I haven’t written too much about food recently, but I came across a book my wife and I were putting together that was a collection of my Mom’s recipes and I fell in love with food again. For those of you who knew her she was best remembered for her cooking.

I think because she was a stay at home mom that after I started going to school she had time on her hands and spent the time cooking. She would make gallons of bolognese sauce and freeze in old milk cartons, make cookies and cakes every week and all my friends that would come to the house always wanted to come by to taste what she made that day.

When we had parties she’d get up in the morning and start cooking. There would be appetizers like her bourbon barbecue hot dogs, mushroom toast rounds, spinach dip, crab molds. She wouldn’t just put out chips and dip she always went all the way.

Her food was old school compared to what you’d get today. It was pretty homey feeling when you’d eat it though and it made you feel good to take a bite of it. So this week I’ll be sharing some of her recipes that made me feel good as a kid growing up in San Francisco.

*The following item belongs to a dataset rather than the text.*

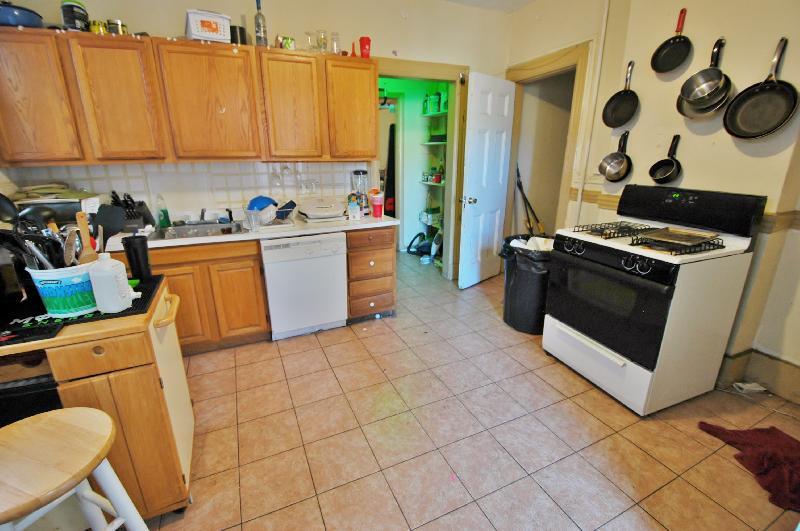 Primary Photo - 115 Gainsborough St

The first is one I grew with. It was the only way my Mom could get me to eat mushrooms and you’ll see why when you read the ingredients. I made this for a party once and after the first couple of batches I didn’t have a chance to get them into the oven because people were just spreading it on the bread and eating it up. I think you’ll like this one.

Mushroom Toast Rounds

Slice sour French rolls or onion bagels into thin slices. [I prefer baguettes]  Spread each round with the following mixture:

1/2 cup Best Foods Mayonaise

1/2 Cup Parmesan cheese

6 finely chopped mushrooms

1 teaspoon minced onions (instant) only if using French rolls. [I add a couple of cloves of garlic instead]
Place on baking sheet and broil until bubbly.

Variation: use chopped mushroom stems in above mixture and stuff mushroom caps.  Broil until tender.